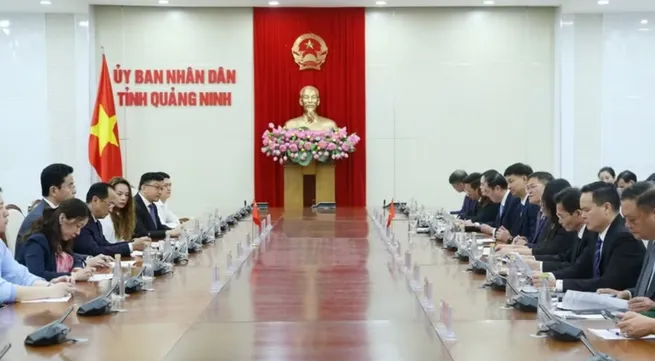Quang Ninh promotes all-round cooperation with Guangxi Zhuang Autonomous Region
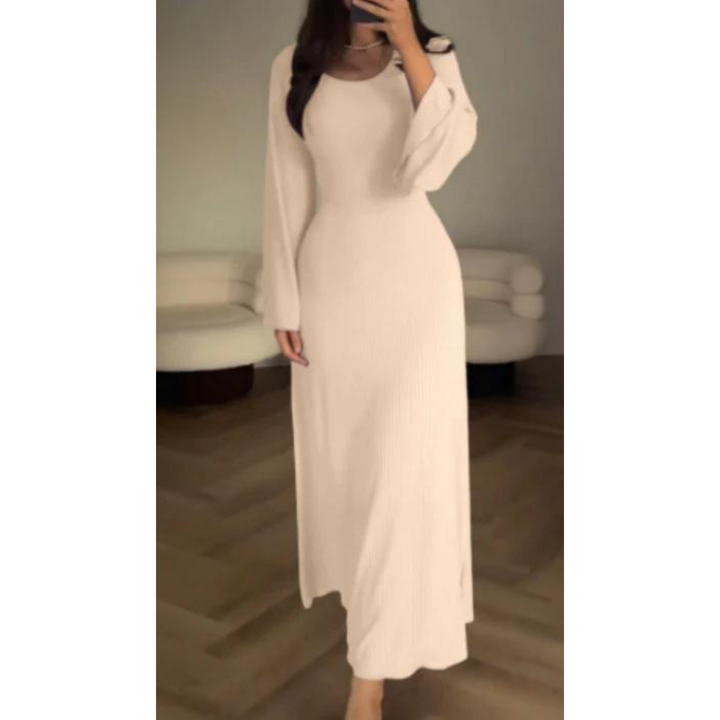 Elisa - Robe Nayla Élégante & Confortable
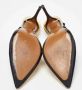 Fendi Vintage Pre-owned Suede sandals Black Dames - Thumbnail 6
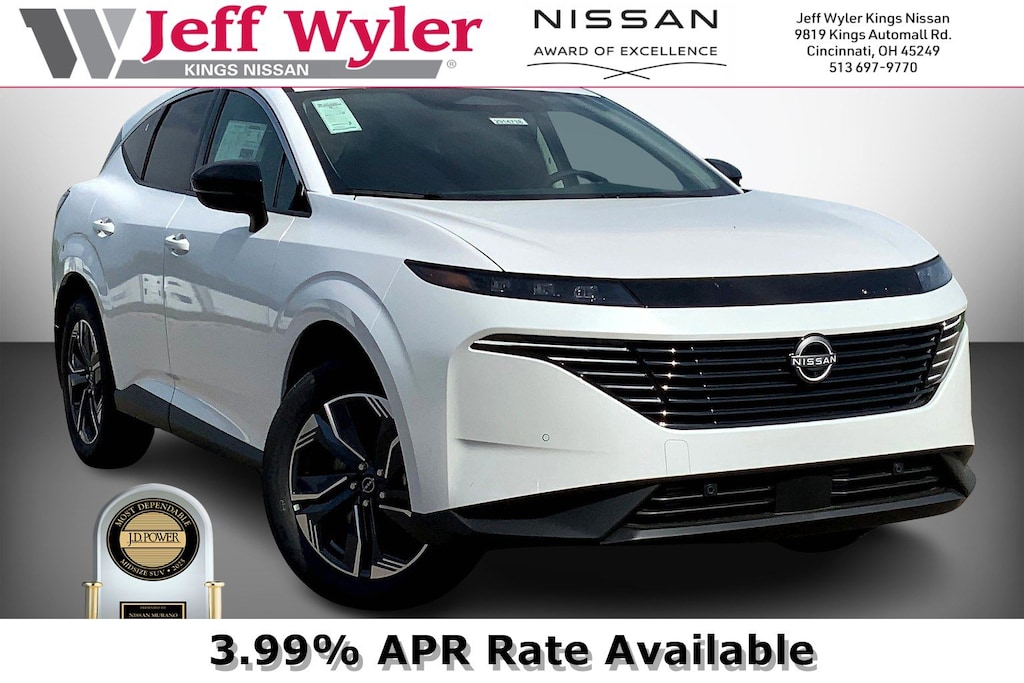 New 2025 Nissan Murano SL Sport Utility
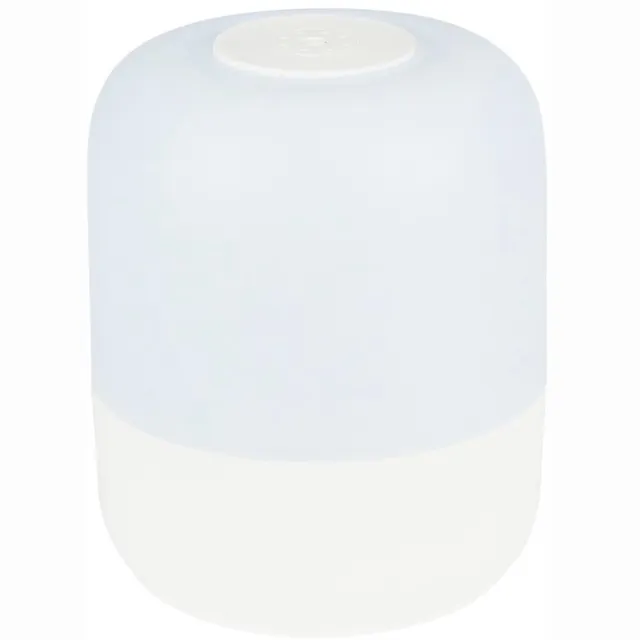 Vintag nachtlamp - mini - Dimbaar - 3 warmtestanden - 100 lumen - 8.5 x 7.5 cm wit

EXERCISE BRIEF => Could the data above be repeated exactly, with every picture dropped?

RESULT OF THIS EXERCISE =>
Quang Ninh promotes all-round cooperation with Guangxi Zhuang Autonomous Region
 Elisa - Robe Nayla Élégante & Confortable
 Fendi Vintage Pre-owned Suede sandals Black Dames - Thumbnail 6
 New 2025 Nissan Murano SL Sport Utility
 Vintag nachtlamp - mini - Dimbaar - 3 warmtestanden - 100 lumen - 8.5 x 7.5 cm wit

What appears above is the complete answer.